En quelque sorte, nous rejoignons l’« existentialisme » sartrien qui s’ordonne fondamentalement à partir d’un « être au monde » réalisé entre l’« être en soi », l’« être pour soi » (Sartre, 1946) et la reconnaissance intrinsèque de la liberté d’être des autres. Il semblerait, à ce point, que l’adulte en formation se situe, se positionne, dans un environnement d’échange, de « réciprocité éducative » (Labelle, 1996) et expérientielle qui suppose la prise en compte de soi et des autres.

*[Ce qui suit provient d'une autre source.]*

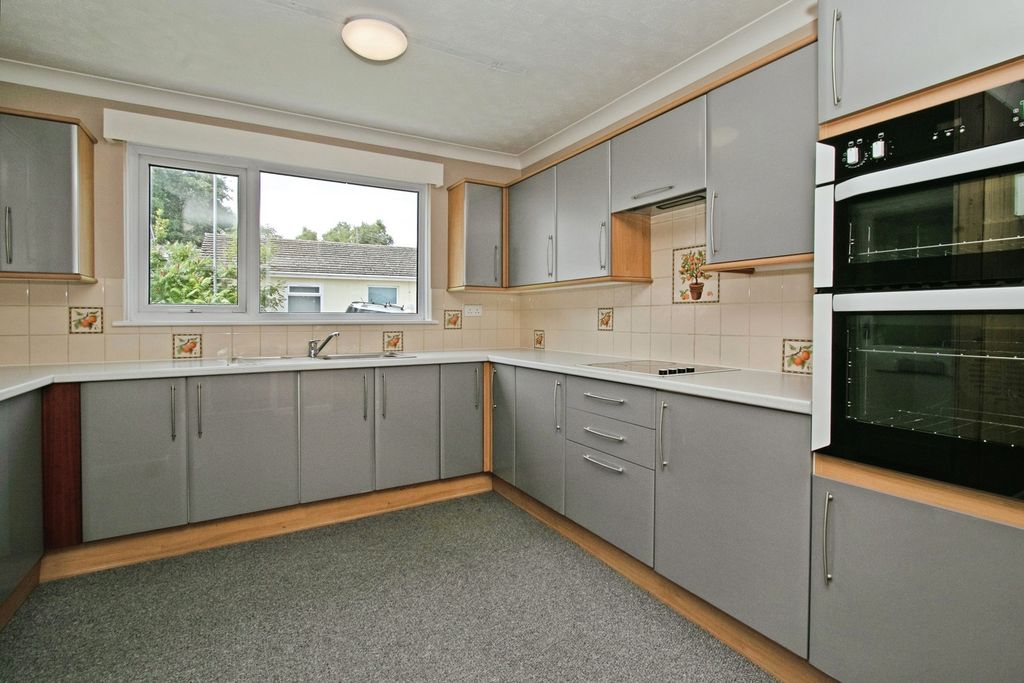 Property photo 2 of 20 Pbox-Img.Jpg
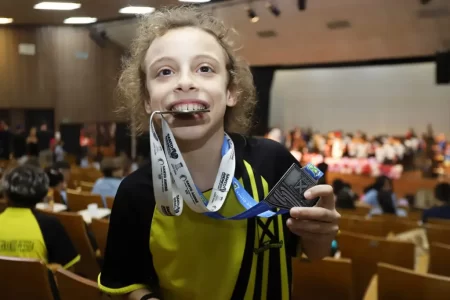 Alunos e atletas em homenagem aos Jogos Escolares de Santo André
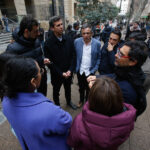 Alcaldes denuncian desigualdad en compensación por exención de contribuciones: Las Condes recibiría $13 mil millones y San Ramón $4 millones Alcaldes y alcaldesas de oposición realizan punto de prensa para referirse al proyecto de la megarreforma.
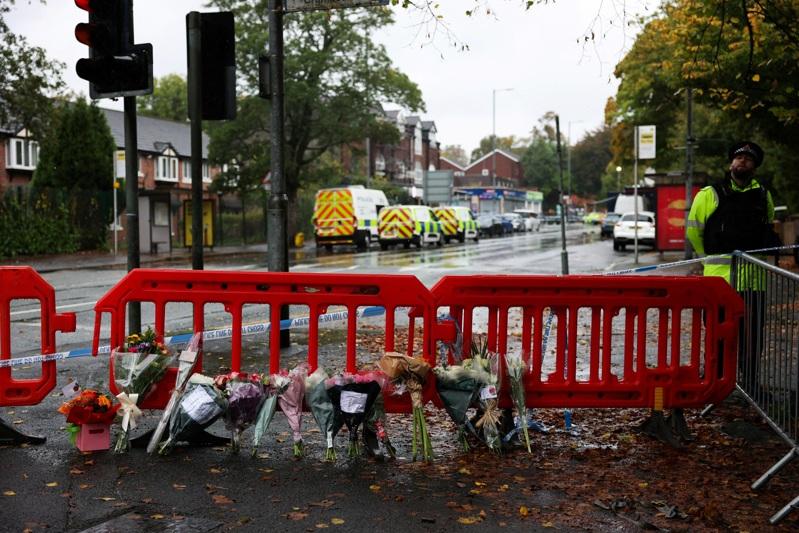 英国曼彻斯特市（Manchester）一座犹太会堂2日遭遇恐怖攻击，造成2名民众丧生。图为3日法医团队成员在事发现场进行搜证。路透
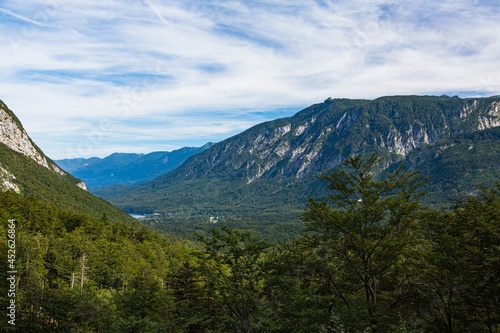 スロベニア ボーヒニのサヴァイツア滝から見えるボーヒニ湖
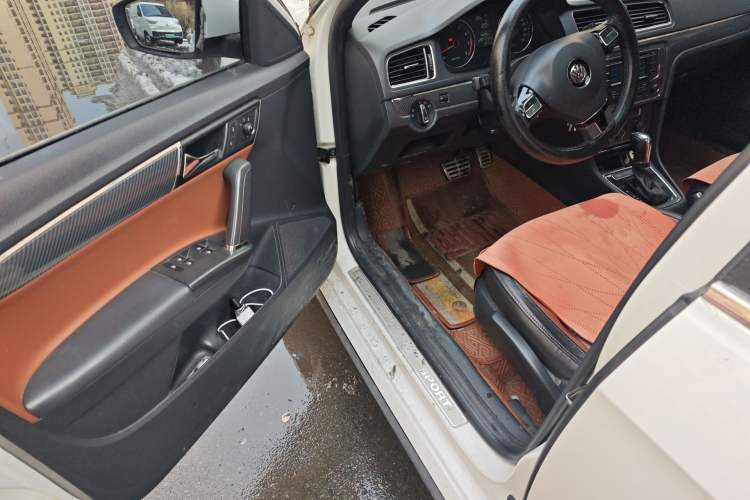 Used Volkswagen Gran Lavida 2014 1.4TSI Automatic Sport Edition Driver Seat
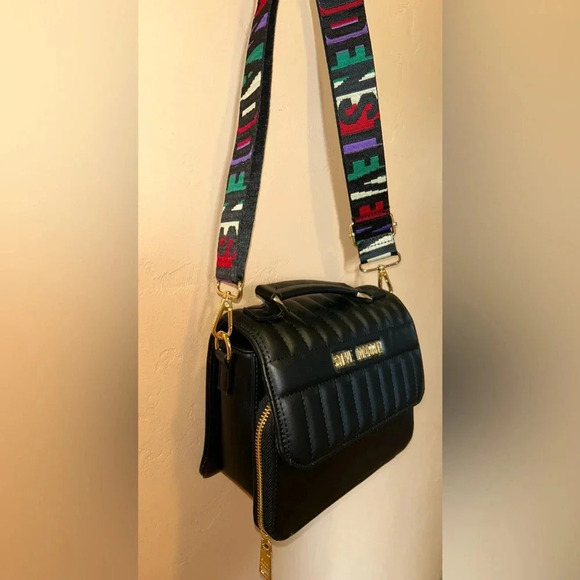 NWTS STEVE MADDEN BSAUL BLACK QUILTED CROSSBODY. MULTICOLORED LOGO STRAP. - Picture 3 of 10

En outre, l’espace de la formation destinée aux adultes devient le terrain de jeu « des cadres de référence implicites des sujets, leurs “perspectives de sens” qui s’expriment à travers leurs interprétations du monde. La réévaluation, au cours de la vie adulte, de ces cadres de référence implicites, constitue des «transformations de perspectives» qui s’accompagnent de véritables changements du monde vécu » (Lesourd, 2006, p. 41). Jullien quant à lui, évoquerait des « transformations silencieuses » (2009) oscillant entre « continuation » et modification ».

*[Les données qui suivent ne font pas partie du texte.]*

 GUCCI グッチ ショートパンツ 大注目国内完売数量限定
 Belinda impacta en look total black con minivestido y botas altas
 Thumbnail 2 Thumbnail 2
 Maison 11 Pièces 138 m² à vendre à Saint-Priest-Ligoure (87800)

Dès lors, l’interprétation devient une modalité constitutive d’un « apprentissage émancipateur » (Mezirow, 2001) qui ne se limite pas au « seul domaine cognitif mais inclut la totalité de l’être humain » 2009, p. 1068). Cette totalité renvoyée à la réflexivité de notre propre histoire, peut « élever » la croissance de la vie adulte et incliner à saisir que « la compréhension de soi est une interprétation; l’interprétation de soi, à son tour, trouve dans le récit (comme peut l’être l’agir communicationnel), parmi d’autres signes et symboles, une médiation privilégiée » (Ricoeur, 1990, p. 138). Par ailleurs, nous voici en face d’une proposition de réponse à l’injonction du « Connais toi toi-même », maxime inscrite sur le temple de Delphes, et reprise par Socrate dans le Charmide de Platon (Platon & Cousin, 1987).

Conclusion

Il nous semble important de rappeler que « personne ne possède le monopole de l’interprétation car l’interprétation langagière produit sans cesse de nouvelles interprétations » (Ménard, 1989, p. 432).

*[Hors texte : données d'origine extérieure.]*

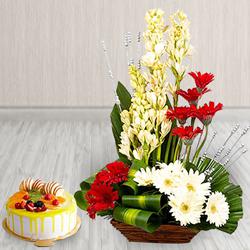 Captivating Combo of Fresh Flowers Arrangement with Mango Flavor Cake to Irinjalakuda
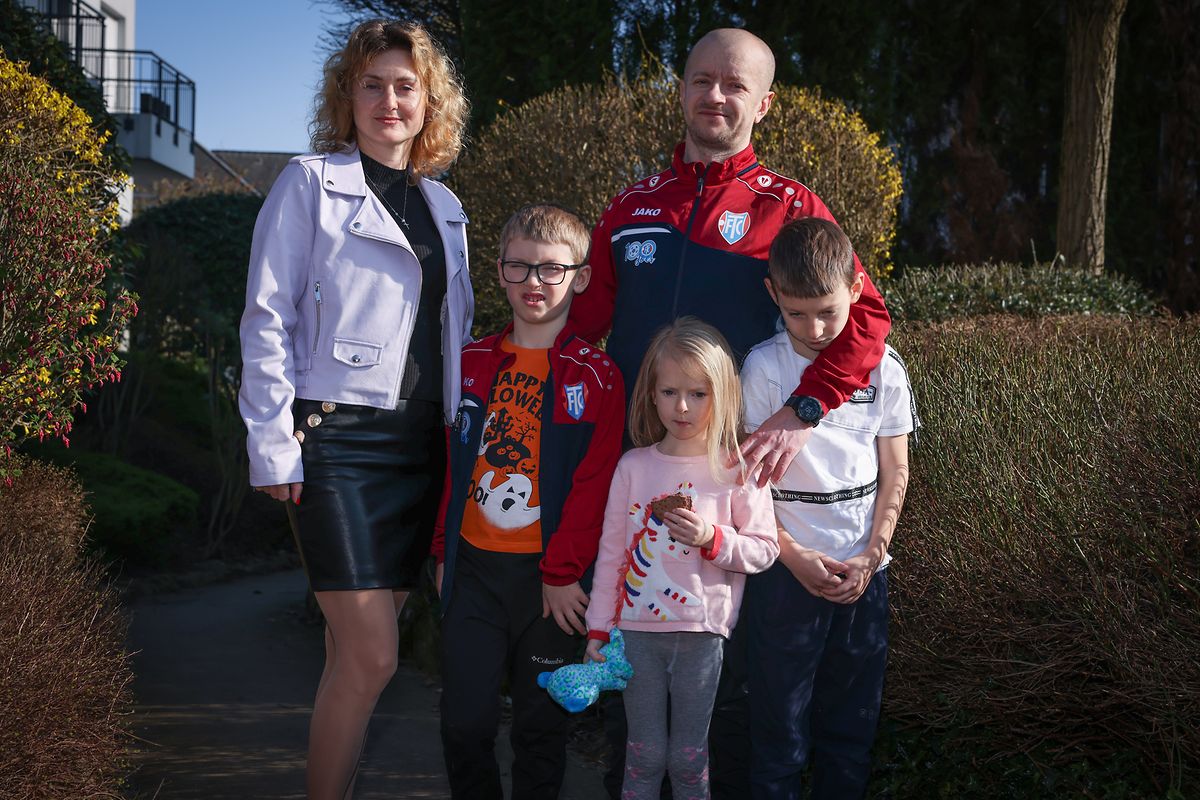 The Romaniuk family - Mariia, her husband Aleksii and their children Stephanie (6), Rodion (9) and Veniamin (7) - are hoping to secure accommodation in Dommeldange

C’est pourquoi, le processus interprétatif, en FPC, n’attend pas le fin mot ou le mot final « du grand interprétateur » qui pourrait être le formateur ou le groupe. En effet, l’absence de jugement est indispensable dans ce processus qui fait appel à l’intersubjectivité « comme miroir actif, maître d’accompagnement existentiel, susceptible d’entrer conflictuellement avec nous pour nous faire découvrir, dans le rapport humain qui n’a pas peur de la confrontation, les valeurs existentielles à notre devenir » ( Barbier, 1997, p. 311-312).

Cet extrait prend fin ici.